Required work. Copy nothing but the lines below, from the one with "Six Chinese stone" through the one with "広々したインパネに大きなFガラスで運転視界もグッド！", exactly as written; no pictures should appear.

Data provided.
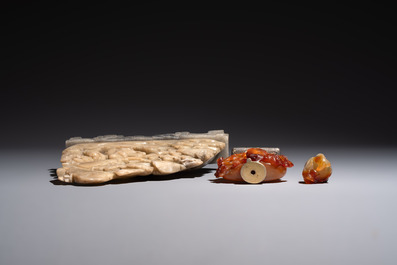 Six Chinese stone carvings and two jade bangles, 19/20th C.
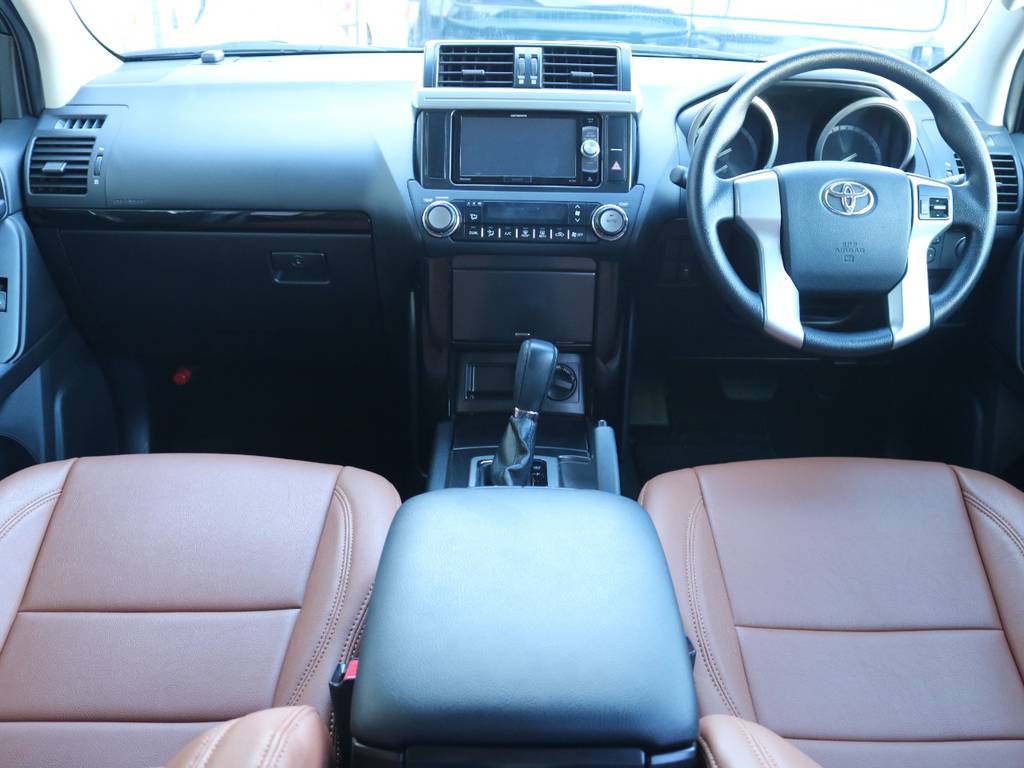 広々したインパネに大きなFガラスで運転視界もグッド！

--

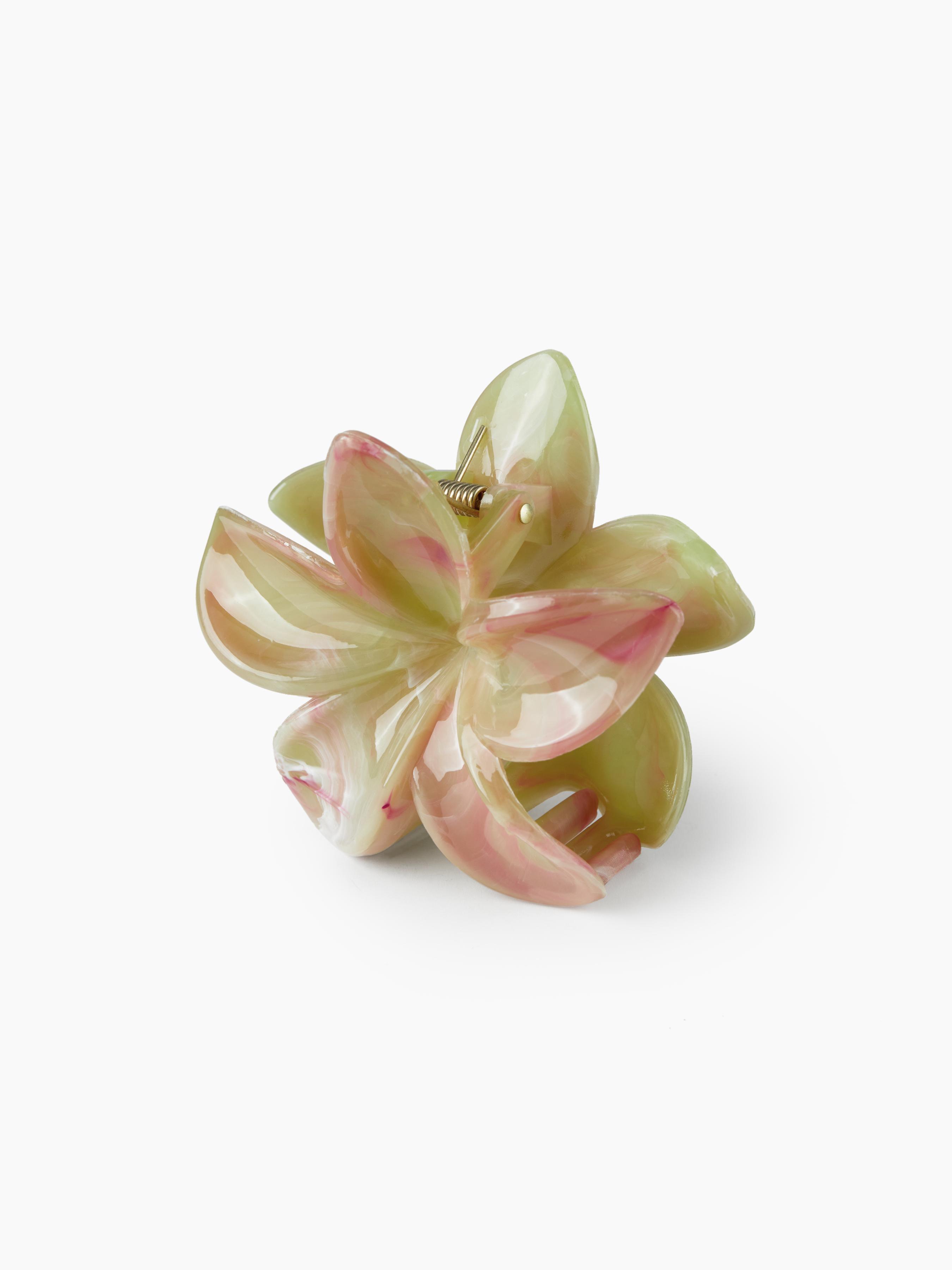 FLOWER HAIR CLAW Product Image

Answer section.
 Six Chinese stone carvings and two jade bangles, 19/20th C.
 広々したインパネに大きなFガラスで運転視界もグッド！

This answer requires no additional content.